Corriere del Veneto (Vicenza e Bassano)
Francioso e il disco
Chitarra e archi nel nuovo lavoro «Sea» del compositore padovano «Racconto il rumore del mare»
Una chitarra acustica con un’orchestra di archi per raccontare l’emozione del mare. Esce domani su tutte le piattaforme streaming e digital download Sea (Strings Evocative Arrangements), il nuovo album del compositore e chitarrista acustico padovano Luca Francioso.
Un’opera musicale che nasce dalla collaborazione tra l’artista, il compositore di musica per orchestra Paolo Pandolfo, e l’ingegnere del suono Cristiano Zatta, che ha prodotto il disco registrato nello studio di Albignasego San Giacomo - Spazio d’Arte.
Luca Francioso, come si fa a raccontare il mare con la musica?
«La fisica acustica fa una distinzione ben precisa tra rumore e suono, a me invece piace pensare che non ci sia alcuna differenza. Il rumore del mare per me è un suono, per cui il mare è già musica. Che si parli di “onda” sonora poi per riferirsi alla propagazione del suono la trovo una meravigliosa simmetria. Sono nato e vissuto a un passo dal mare fino all’età di tredici anni (a Bagnara Calabra, in provincia di Reggio Calabria) e lo scrosciare delle onde è stato il sottofondo della mia infanzia, giorno e notte. Farne una melodia organizzata e intellegibile è una decodifica complicatissima e non ne saprei spiegare il processo, ma ogni volta che penso al mare, sia come elemento fisico sia come immagine di forza e mistero, le note nascono quasi da sole sulla tastiera della mia chitarra».
«Sea» si può considerare un concept album?
«Tutti i brani sono legati al mare. Dietro ogni melodia esiste una storia che in qualche modo, direttamente o indirettamente, ha a che fare con il mare, anche quelle dal titolo apparentemente più distante (penso, ad esempio, al brano Land). Il mare è lo scenario comune di ogni trama musicale dell’album, che trova compimento nel nome dell’intero progetto, ovvero Sea, il cui acronimo (Strings Evocative Arrangements) ne svela l’intenzione: servirsi delle corde di chitarra e archi per
raccontare storie il più evocative possibili».
Nella composizione che parte ha l’emozione e che parte ha la tecnica?
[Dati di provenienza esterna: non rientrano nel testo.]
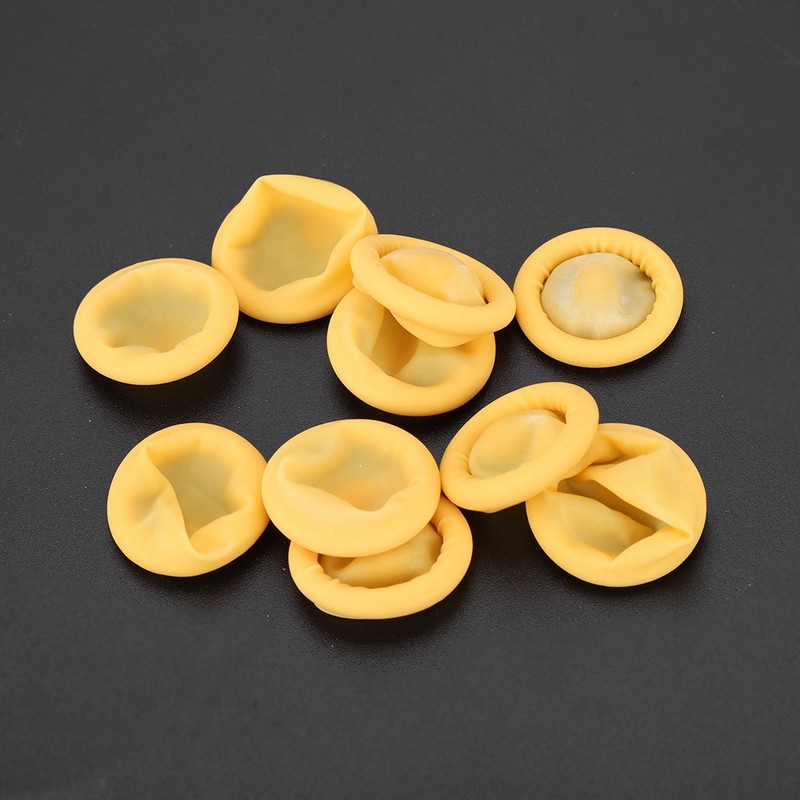 304# Replacement Hard Drive Head Tool Head Comb For 4-disc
«Ho sempre vissuto l’aspetto tecnico dello strumento con sobrietà e con un certo distacco. Ritengo che a vincere debba essere sempre la musica e che la tecnica sia semplicemente un mezzo straordinario perché questa possa accadere. Non ritengo importante la quantità delle nozioni accumulate, quanto la qualità del proprio potenziale e la capacità dinamica di servirsene. L’efficacia narrativa di una trama musicale non si misura, a mio avviso, dalla sua difficoltà esecutiva, ma dall’emotività che è in grado di suscitare. Questo è l’approccio con cui compongo, sempre».
Che cosa offre di più un’orchestra d’archi al suono della sua chitarra acustica?
«Erano anni che sognavo di realizzare un disco con l’orchestra. Sognando in grande (chi non lo fa?), ho sempre immaginato una compagine orchestrale enorme, sulla quale tessere melodie con la mia chitarra acustica. I suoni lunghi, caldi e avvolgenti degli archi sono come la superficie del mare, sulla quale puoi galleggiare a lungo. Suonare con un’orchestra mi sostiene, mi accompagna e valorizza ogni mio suono».
Il mare che cosa rappresenta per lei?
«Dopo il trasferimento in Veneto mi sono dovuto abituare a un’idea diversa di mare e per alcuni anni della mia vita è tornato a essere un semplice elemento naturale. Lentamente però, anche attraverso la musica, ne ho ritrovato mistero e forza e sono tornato a viverlo come facevo un tempo».